Chilean politician (1892–1982)

Ramón Abraham Plaza Monreal (19 July 1892 – 1982) was a Chilean public official and politician and a member of the Democratic Party. He served as Minister of Labour under President Gabriel González Videla from February to June 1950.

== Early life and education ==

Plaza was born in Santiago, Chile, on 19 July 1892, the son of Tristán Plaza Maturana and Adelina Monreal del Campo. He received his primary and secondary education at the Liceo Manuel Barros Borgoño. He subsequently studied law at the University of Chile and the Pontifical Catholic University of Chile, but did not obtain a law degree.

He married Adelaida Frabasile, with whom he had one son, Gastón.

== Public and political career ==

After leaving his legal studies without qualifying as a lawyer, Plaza pursued a career in public administration.

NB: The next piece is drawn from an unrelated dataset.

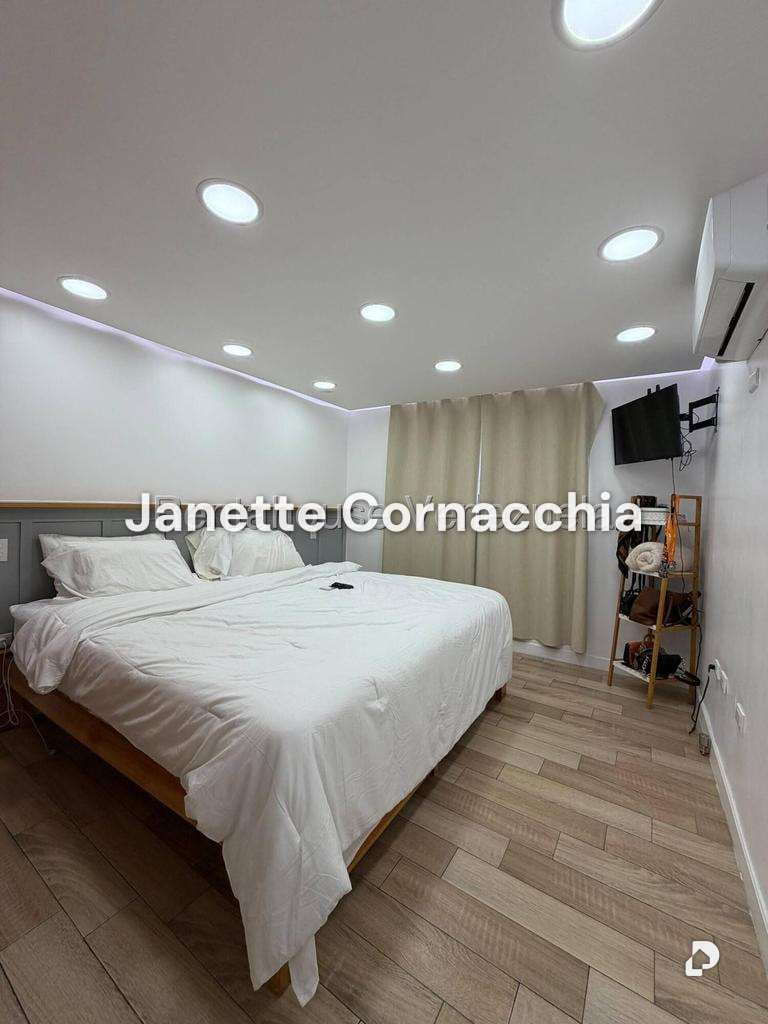 Apartamento en Colinas de La Tahona, Caracas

From 1934 to 1939, he headed the Cooperatives Department of the General Commissariat of Subsistence and Prices. From 1939 to 1940, he served as head of the General Directorate of Social Welfare.

Plaza was a member of the Democratic Party. Within the party, he served for two consecutive terms as president of the Democratic Association, as national vice-president, and as secretary-general from 1934 to 1936. In the 1937 Chilean parliamentary election, he initially stood as a candidate for the Chamber of Deputies representing Coquimbo Department for the 1937–1941 legislative term, but subsequently withdrew his candidacy. In 1942, he became president of the Democratic Assembly of Chillán.

From 1940 to 1953, Plaza headed the Expropriations Department of the Corporation for Reconstruction and Relief, an agency established during the presidency of Pedro Aguirre Cerda. He also served as president of the corporation's Employees' Association.

On 27 February 1950, President Gabriel González Videla appointed Plaza Minister of Labour. He remained in office until 21 June 1950. After leaving the cabinet, he was appointed a board member of the National Savings Bank, a position he held until 1952.

Plaza was also an honorary member of the Sociedad de Artesanos La Unión and the Society for the Protection of Animals. He died in Santiago in 1982.